From rising compensation to falling unemployment rates, Singapore is on its way to becoming a global powerhouse.
By Zee Johnson
Last year, foreigners were feverously looking to join Singapore’s workforce for a chance at increased compensation and better career opportunities. Now, it seems as though the country has benefitted greatly from the migration.
Deel’s State of Global Hiring Report revealed that Singapore has the second highest job growth rate in the APAC region by number of organisations hiring, just trailing Australia.
Karen NG, Deel’s regional head of expansion and market lead, Singapore, ASEAN, India, says that the recruitment of global talent helped the nation reach such a feat and puts them up against the rest of the world. “This in turn allows them to stay competitive and nimble, where they can turn to global hiring to secure in-demand talents like software engineers – of which are sought after by markets around the world, or to retain talent who choose to move abroad,” she said.
The report lists the top five in-demand jobs in the country.
- Virtual assistant
- Software engineer
- Software developer
- Content writer
- Business development/sales
Singapore’s Deputy Prime Minister and Finance Minister, Lawrence Wong, highlighted the country’s post-COVID progression in his budget speech in early February, detailing a growing economy (3.6%) and dwindling resident unemployment rates (2.8%), which are lower than pre-COVID levels. He also stated that the country’s inflation rate (4.1%) is less than half that of the global rate (9%).
The Singapore Budget enlists a series of measures to support households by helping families get through the cost-of-living crisis, as well as the recent tax hikes on goods and services. In fact, Wong pledged an additional S$3 billion ($2.26 billion) in funding to help.
The budget will also support businesses to sustain recent economic growth. This will include initiatives that extend current enhancements to the enterprise financing scheme and energy efficiency grant until March of next year. It will provide working capital loans for local construction projects via project loans. “We will help businesses weather the immediate challenges of tighter financial conditions and higher energy prices,” the Minister said. “We will do more to help promising companies grow into globally leading companies.”

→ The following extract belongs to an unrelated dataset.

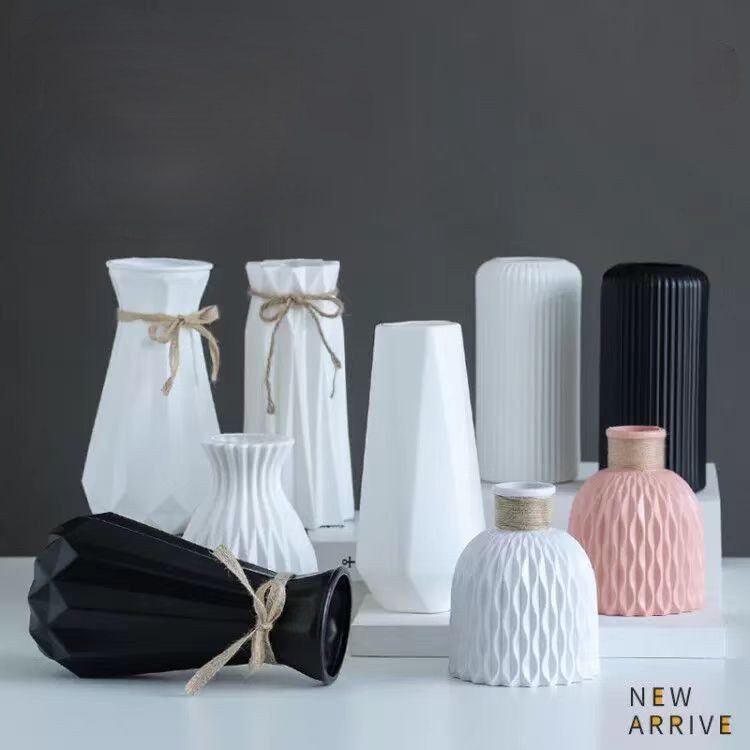 Nordic Plastic Vases 19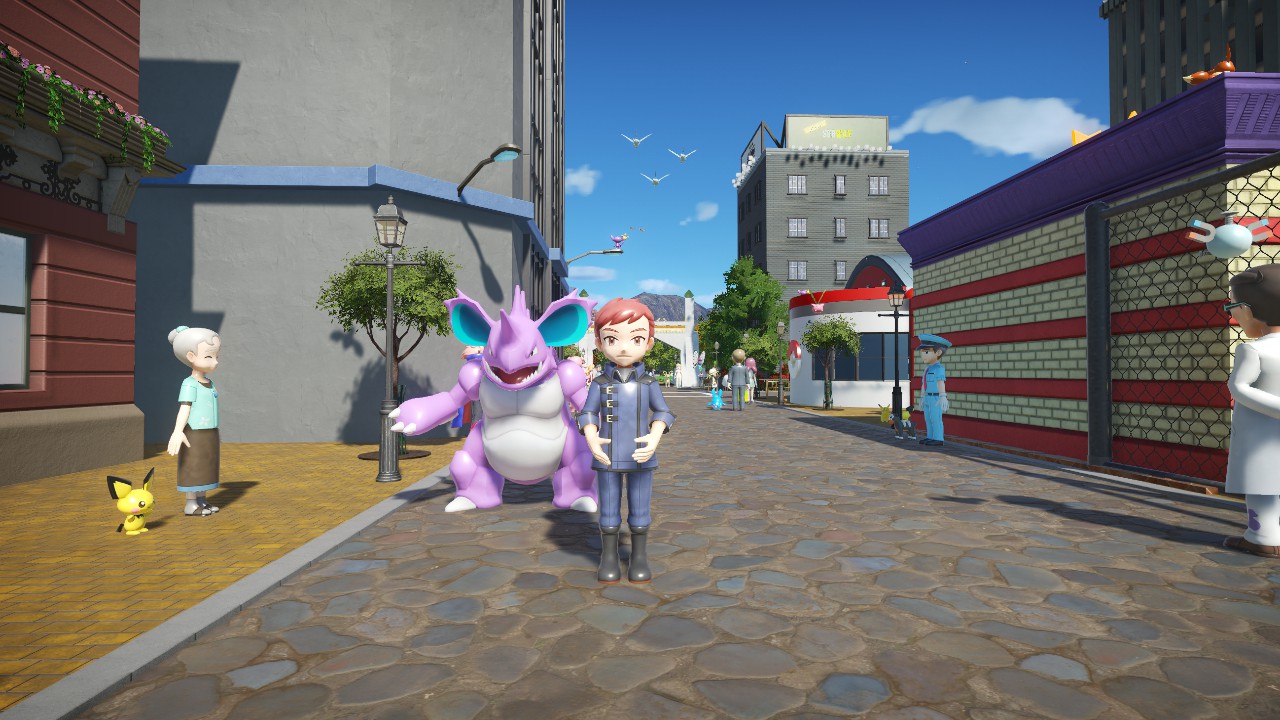 Ace Trainer (Male) - Pokemon Johto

The government will also be pumping more money into initiatives to grow small- to medium-sized enterprises. “I will set aside an additional S$150 million by the SME Co-investment Fund,” Wong said. “We will use this to invest in promising SMEs and we will also aim to catalyze an additional S$300 million of private investments to support our SMEs.”

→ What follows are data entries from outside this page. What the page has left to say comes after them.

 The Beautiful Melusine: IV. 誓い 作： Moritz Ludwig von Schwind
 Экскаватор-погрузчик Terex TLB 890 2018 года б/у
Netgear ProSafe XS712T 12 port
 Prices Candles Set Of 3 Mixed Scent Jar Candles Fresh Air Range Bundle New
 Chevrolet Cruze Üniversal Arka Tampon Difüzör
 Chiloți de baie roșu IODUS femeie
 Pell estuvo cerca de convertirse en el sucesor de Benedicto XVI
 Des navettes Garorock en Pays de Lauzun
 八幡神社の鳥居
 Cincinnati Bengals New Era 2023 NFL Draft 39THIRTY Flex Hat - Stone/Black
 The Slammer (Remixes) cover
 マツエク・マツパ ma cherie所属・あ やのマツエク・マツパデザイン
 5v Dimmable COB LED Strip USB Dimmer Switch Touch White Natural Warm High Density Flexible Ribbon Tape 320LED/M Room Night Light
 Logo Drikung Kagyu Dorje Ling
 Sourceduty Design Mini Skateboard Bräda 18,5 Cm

Two-thirds (67%) of Singapore’s employers are now able to offer higher-than-expected salaries in an effort to attract even more workers and 61% are increasing pay to retain their existing staff. For employees, just over half (51%) are expecting their salaries to increase this year, with 65% also expecting some form of bonus.
Many sectors will see these increases, especially the food services industry, as about 41,000 workers will see their wages increase over the next three years, starting March 1. This comes just as the government accepted the Tripartite Cluster for Food Services’ recommendations on their new Progressive Wage Model, hiking wages to at least $1,750.
In March 2024, the increase is expected to be at least $1,915 before rising again to at least $2,080 in March 2025.
So much is happening in Singapore and governmental initiatives are helping companies move quickly and positively toward the future.